**TASK DIRECTIONS**. Where an entry below contains an image, skip the image and copy the rest exactly.

******************************

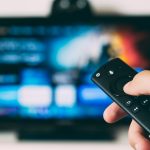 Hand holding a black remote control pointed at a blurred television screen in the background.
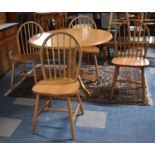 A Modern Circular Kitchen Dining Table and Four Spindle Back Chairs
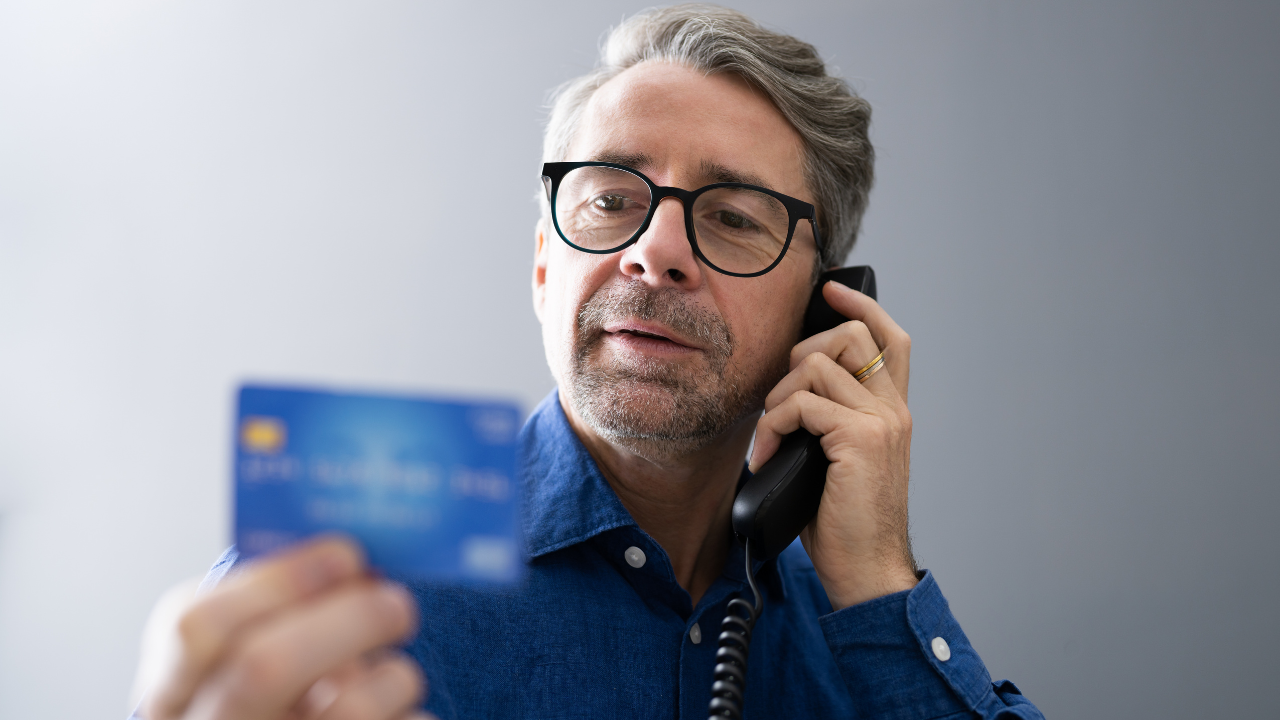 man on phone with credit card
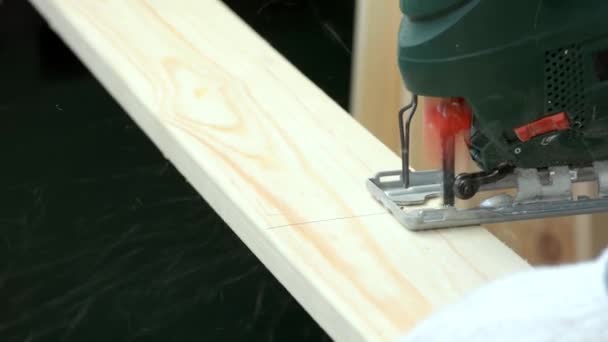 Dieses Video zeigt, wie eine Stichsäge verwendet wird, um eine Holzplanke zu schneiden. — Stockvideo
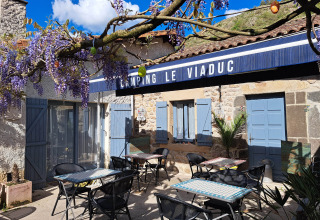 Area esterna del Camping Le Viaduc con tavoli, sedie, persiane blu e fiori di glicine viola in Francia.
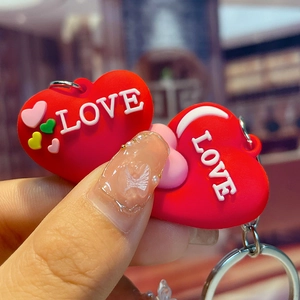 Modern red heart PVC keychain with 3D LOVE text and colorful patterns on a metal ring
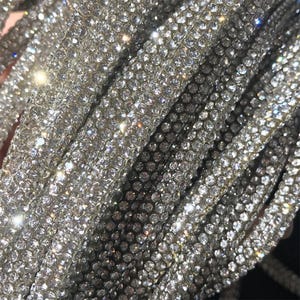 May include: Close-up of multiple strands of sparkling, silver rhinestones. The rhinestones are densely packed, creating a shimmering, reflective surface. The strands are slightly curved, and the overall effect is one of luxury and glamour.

******************************

**ANSWER SPACE**.
 Hand holding a black remote control pointed at a blurred television screen in the background.
 A Modern Circular Kitchen Dining Table and Four Spindle Back Chairs
 man on phone with credit card
 Dieses Video zeigt, wie eine Stichsäge verwendet wird, um eine Holzplanke zu schneiden. — Stockvideo
 Area esterna del Camping Le Viaduc con tavoli, sedie, persiane blu e fiori di glicine viola in Francia.
 Modern red heart PVC keychain with 3D LOVE text and colorful patterns on a metal ring
 May include: Close-up of multiple strands of sparkling, silver rhinestones. The rhinestones are densely packed, creating a shimmering, reflective surface. The strands are slightly curved, and the overall effect is one of luxury and glamour.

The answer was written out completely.